▶ [RECORDS SHOWN]:
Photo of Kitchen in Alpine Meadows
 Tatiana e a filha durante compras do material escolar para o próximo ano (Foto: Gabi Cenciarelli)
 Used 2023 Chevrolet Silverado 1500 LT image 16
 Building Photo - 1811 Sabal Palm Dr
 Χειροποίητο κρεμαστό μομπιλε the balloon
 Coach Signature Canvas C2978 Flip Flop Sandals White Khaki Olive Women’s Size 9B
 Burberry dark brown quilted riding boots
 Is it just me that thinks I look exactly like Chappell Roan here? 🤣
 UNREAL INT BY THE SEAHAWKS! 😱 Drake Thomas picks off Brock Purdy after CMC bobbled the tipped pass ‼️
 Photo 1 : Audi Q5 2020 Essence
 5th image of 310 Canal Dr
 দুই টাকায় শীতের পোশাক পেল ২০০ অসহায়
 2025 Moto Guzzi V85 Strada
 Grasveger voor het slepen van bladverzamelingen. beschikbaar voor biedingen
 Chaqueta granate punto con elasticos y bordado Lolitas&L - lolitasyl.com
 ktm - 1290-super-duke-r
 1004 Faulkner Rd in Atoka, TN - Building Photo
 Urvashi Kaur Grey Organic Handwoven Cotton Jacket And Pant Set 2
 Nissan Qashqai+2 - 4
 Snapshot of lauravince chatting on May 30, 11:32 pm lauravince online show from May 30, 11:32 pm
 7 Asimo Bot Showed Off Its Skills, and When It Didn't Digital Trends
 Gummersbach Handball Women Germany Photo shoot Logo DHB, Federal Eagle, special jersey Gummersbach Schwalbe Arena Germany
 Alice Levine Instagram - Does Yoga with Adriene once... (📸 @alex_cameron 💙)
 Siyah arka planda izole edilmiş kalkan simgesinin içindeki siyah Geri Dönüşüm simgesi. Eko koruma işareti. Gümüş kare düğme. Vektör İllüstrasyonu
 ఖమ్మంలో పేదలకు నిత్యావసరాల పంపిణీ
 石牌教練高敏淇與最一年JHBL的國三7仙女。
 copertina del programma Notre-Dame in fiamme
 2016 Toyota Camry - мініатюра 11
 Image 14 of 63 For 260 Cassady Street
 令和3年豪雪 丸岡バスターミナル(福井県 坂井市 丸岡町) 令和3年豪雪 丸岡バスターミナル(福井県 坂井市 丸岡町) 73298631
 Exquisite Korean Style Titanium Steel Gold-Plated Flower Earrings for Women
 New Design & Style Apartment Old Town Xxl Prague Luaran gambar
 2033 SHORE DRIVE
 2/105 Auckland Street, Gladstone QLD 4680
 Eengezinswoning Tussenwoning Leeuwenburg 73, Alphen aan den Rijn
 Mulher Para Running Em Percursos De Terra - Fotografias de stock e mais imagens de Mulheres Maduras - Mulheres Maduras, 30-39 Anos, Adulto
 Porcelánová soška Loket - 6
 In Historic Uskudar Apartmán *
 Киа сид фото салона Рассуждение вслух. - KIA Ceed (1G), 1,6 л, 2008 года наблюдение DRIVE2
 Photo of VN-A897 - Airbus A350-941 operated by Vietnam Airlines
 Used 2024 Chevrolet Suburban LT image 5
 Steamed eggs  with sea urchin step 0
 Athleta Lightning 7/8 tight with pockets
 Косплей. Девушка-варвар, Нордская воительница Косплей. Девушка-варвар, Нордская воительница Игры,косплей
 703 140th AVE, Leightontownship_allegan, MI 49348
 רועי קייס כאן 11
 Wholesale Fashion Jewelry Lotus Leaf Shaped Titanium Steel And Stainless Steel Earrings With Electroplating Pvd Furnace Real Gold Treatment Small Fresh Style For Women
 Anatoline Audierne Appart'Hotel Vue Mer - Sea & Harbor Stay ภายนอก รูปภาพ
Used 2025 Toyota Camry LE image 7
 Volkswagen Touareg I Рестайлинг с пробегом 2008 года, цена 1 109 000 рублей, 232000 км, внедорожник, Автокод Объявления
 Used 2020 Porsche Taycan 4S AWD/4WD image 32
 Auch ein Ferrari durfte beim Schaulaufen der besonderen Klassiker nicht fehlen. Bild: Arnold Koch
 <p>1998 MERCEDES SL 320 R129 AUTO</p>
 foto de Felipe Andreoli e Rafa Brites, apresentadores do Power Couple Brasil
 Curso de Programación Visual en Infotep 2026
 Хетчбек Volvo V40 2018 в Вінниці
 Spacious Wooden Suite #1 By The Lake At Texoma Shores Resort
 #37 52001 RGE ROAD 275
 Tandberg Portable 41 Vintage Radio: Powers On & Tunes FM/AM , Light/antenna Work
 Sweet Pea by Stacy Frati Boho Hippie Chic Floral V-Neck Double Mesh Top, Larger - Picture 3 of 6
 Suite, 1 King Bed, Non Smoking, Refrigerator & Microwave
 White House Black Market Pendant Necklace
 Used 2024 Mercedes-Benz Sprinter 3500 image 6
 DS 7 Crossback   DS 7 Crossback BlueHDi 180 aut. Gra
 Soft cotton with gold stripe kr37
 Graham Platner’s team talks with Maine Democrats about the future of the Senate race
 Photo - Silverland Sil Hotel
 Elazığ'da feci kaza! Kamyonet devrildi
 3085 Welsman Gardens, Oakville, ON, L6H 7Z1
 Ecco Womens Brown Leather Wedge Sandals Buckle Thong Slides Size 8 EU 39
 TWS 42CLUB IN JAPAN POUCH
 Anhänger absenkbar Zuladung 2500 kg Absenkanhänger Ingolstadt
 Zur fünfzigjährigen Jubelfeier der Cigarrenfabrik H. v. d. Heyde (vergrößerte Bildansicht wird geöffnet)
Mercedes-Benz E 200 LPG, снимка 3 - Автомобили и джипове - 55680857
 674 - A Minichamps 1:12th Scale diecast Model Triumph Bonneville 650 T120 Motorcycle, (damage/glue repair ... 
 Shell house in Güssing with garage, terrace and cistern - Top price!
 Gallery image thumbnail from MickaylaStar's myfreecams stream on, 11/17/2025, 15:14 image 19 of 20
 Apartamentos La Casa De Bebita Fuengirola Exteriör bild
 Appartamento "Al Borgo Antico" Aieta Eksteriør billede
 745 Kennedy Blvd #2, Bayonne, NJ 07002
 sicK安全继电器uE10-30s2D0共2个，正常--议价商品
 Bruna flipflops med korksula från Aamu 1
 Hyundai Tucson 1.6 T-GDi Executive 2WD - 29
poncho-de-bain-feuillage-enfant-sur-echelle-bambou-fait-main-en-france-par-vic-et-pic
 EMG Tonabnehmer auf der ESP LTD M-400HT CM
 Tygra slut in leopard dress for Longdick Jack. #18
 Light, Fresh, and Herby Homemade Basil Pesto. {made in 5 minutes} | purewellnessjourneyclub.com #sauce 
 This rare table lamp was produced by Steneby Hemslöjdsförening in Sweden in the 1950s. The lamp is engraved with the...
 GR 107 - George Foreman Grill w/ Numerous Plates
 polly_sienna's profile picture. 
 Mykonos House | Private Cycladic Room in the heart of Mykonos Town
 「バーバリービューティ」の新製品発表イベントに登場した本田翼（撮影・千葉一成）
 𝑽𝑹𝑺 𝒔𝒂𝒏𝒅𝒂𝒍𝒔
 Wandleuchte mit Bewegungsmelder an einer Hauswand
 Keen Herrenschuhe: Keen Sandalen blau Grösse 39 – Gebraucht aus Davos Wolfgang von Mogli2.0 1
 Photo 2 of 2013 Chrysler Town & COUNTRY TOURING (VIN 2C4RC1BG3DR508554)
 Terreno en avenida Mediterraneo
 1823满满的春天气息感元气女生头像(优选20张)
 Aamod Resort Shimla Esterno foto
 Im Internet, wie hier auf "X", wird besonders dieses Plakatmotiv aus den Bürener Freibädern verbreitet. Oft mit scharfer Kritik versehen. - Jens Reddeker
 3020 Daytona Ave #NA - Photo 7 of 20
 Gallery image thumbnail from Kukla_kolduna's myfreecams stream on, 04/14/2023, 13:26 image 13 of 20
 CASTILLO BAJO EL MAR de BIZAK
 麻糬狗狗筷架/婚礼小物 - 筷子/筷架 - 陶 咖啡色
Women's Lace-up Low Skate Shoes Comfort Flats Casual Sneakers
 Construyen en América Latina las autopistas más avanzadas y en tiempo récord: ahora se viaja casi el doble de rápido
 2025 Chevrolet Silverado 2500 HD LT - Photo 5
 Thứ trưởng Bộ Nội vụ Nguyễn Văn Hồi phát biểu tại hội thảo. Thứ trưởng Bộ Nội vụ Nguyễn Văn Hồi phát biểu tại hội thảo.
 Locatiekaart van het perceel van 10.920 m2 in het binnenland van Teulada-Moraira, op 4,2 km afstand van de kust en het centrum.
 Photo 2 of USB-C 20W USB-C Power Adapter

▶ [WHAT THE TASK REQUIRES]:
Nothing but the exact lines from the start of the material through the line holding "Χειροποίητο κρεμαστό μομπιλε the balloon", both included, belongs in the answer.

▶ [OUTPUT]:
Photo of Kitchen in Alpine Meadows
 Tatiana e a filha durante compras do material escolar para o próximo ano (Foto: Gabi Cenciarelli)
 Used 2023 Chevrolet Silverado 1500 LT image 16
 Building Photo - 1811 Sabal Palm Dr
 Χειροποίητο κρεμαστό μομπιλε the balloon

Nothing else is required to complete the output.